● Your goal
Once the line containing "Hyundai Tucson 2018, 81,000" has been written out, stop; until then, restate each line of the entries below word for word from the first.

● Listed entries
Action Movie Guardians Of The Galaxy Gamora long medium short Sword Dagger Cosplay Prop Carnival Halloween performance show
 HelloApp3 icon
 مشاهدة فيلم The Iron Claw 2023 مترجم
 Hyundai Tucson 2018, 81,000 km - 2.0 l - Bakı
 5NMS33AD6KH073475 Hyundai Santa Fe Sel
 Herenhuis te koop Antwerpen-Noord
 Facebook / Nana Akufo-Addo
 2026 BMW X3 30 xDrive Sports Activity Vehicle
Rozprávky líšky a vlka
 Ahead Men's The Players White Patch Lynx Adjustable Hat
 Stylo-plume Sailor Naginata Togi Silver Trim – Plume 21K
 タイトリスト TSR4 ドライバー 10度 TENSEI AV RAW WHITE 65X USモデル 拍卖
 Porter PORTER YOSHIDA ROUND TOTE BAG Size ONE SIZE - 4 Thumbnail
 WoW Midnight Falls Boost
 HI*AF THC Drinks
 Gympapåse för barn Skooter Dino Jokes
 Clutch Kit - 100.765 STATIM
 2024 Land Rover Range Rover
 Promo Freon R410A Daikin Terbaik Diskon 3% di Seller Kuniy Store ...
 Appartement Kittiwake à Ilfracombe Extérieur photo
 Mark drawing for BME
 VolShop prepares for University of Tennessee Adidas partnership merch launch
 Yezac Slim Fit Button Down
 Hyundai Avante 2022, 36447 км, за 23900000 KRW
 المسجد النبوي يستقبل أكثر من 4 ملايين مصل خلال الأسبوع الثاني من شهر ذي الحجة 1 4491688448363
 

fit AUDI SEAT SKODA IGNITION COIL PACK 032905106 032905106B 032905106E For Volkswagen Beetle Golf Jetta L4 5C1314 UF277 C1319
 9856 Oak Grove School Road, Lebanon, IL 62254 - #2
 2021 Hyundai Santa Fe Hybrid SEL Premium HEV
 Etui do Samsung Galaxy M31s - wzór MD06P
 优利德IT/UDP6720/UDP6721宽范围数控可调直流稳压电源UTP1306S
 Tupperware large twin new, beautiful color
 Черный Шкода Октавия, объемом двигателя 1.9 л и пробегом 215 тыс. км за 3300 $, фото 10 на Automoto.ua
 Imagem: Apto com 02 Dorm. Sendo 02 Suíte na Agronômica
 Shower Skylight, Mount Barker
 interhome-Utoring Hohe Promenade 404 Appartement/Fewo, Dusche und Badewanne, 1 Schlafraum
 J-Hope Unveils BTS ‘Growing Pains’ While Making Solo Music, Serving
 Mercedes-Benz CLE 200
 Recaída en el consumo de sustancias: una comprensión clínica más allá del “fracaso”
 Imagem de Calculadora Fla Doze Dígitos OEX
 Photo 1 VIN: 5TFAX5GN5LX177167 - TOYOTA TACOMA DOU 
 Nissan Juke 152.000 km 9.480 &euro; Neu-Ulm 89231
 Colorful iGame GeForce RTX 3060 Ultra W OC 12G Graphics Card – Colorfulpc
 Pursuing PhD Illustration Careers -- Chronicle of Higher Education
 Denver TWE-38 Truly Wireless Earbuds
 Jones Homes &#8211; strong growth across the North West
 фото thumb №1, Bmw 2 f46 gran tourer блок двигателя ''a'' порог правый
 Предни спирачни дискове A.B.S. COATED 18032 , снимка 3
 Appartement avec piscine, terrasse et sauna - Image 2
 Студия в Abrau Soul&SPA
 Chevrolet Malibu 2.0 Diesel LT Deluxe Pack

● Output of the task
Action Movie Guardians Of The Galaxy Gamora long medium short Sword Dagger Cosplay Prop Carnival Halloween performance show
 HelloApp3 icon
 مشاهدة فيلم The Iron Claw 2023 مترجم
 Hyundai Tucson 2018, 81,000 km - 2.0 l - Bakı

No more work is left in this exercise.